Nous l'avions sans doute bien cherché. À nous entendre, nous voulions rejoindre les cieux. Être dans l'essence. Essentiels, quoi. Légers comme la plume, minces comme le
haricot vert et teint de pêche en bonus. Traverser les jours sans prendre de gramme, retrouver les jeans de notre adolescence, glisser à travers la foule telle la civelle, faire des jeûnes intermittents de vingt minutes. Et bim! La punition n'a pas tardé à tomber. Profitant de nos soudaines lubies et de la frénésie des charges, les restaurateurs ont trouvé la parade : réduire les assiettes. Bien souvent, les entrées arrivent servies sur des assiettes à dessert (18 à 22 centimètres) ; les poireaux vinaigrette jouent les allumettes, les œufs mollets s'arrêtent à la cheville. Les prix ont légèrement dérapé : grosso modo, ils ont étrangement réduit, mais c'est clair comme un (petit) nez au milieu du visage : on nous a rétréci nos assiettes. Deuxième punition, cela porte un nom anglais très moche : shrinkflation, et cette pratique fait des petits dont la cheapflation, dénoncée fort justement par Foodwatch, une association de consommateurs, surprenant une mayonnaise Maille (groupe Unilever) se voyant désapée subitement par la perte de 24,7 % de jaune d'œuf alors que son prix a augmenté de 12 %. Au demeurant, tout y passe : bâtonnets de surimi, tablettes de chocolat, vinaigre... Le temps lui aussi se met à rétrécir: « Vous venez à 19 heures et vous libérez la table à 20h30. » Oui, chef!

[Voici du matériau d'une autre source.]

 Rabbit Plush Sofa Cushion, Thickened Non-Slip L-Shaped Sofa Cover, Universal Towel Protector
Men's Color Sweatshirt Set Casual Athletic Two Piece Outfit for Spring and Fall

La dernière révolution de ce genre remonte au milieu des années 1960. À cette époque, la salle perd son prestige, la cuisine prend sa revanche. Les directeurs de salle sont détrônés, place aux cuisiniers, avec notamment le service à l'assiette. Le dressage de cette dernière fait basculer la gastronomie. Pour la première fois (les frères Troisgros, Roanne, 1963), une assiette de 32 centimètres (au lieu de 28) présente une escalope de saumon à l'oseille de 12 centimètres : le service en salle n'a plus qu'à annoncer l'intitulé et ravaler ses larmes. La nouvelle cuisine était née.
Mais cette tendance élastique, comme nous le rappelle Laurent Seminel dans sa revue Agueusie (menufretin.fr), ne date pas d'aujourd'hui : « Au Moyen Âge, le prix du pain pouvait rester inchangé, mais c'est la taille (et donc le poids) qui variait. » Citant W. Kula (Les Mesures et les Hommes, 1984) : « Dans le Forez, on distinguait plusieurs types de mesure pour les céréales : la mesure "pelle", c'est‐à-dire sans tasser le grain, la mesure "secous", en le tassant ; "comble" et enfin "chaussée" (tassée), qui comptait pour le double de la mesure pelle. »

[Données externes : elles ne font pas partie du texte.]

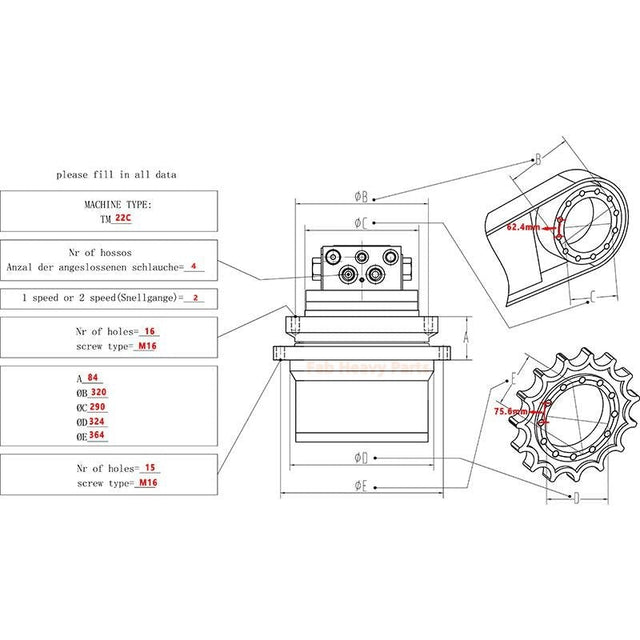 Travel Motor Assembly Final Drive 114-8222 1148222 151-9688 1519688 Fits for Caterpillar CAT Excavator 312 312C 312B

Dans les grands restaurants, la grille de lecture est de plus en plus troublante. Il est
maintenant difficile de savoir à quel moment on passe d'un amuse-bouche à une entrée ; sans parler des menus dégustation où le rythme, le choix des plats et des quantités
sont laissés au libre arbitre du chef, exerçant par là tout son « art » et renvoyant le client à un rôle passif de public (admiratif). Dans cette tendance générale, les contre-pieds apportent un vrai plaisir jouissif, aux timbalettes de frites (facturées jusqu'à 10 euros dans les restaurants à la mode) d'autres tables opposent de véritables montagnes de frites allumettes, renouvelables à discrétion. Rappelant les paroles du groupe rennais Marquis de Sade (Conrad Veidt, 1979), « Le sens expire, l'expression prime », la cuisine trouve maintenant ses respirations dans ses paradoxes.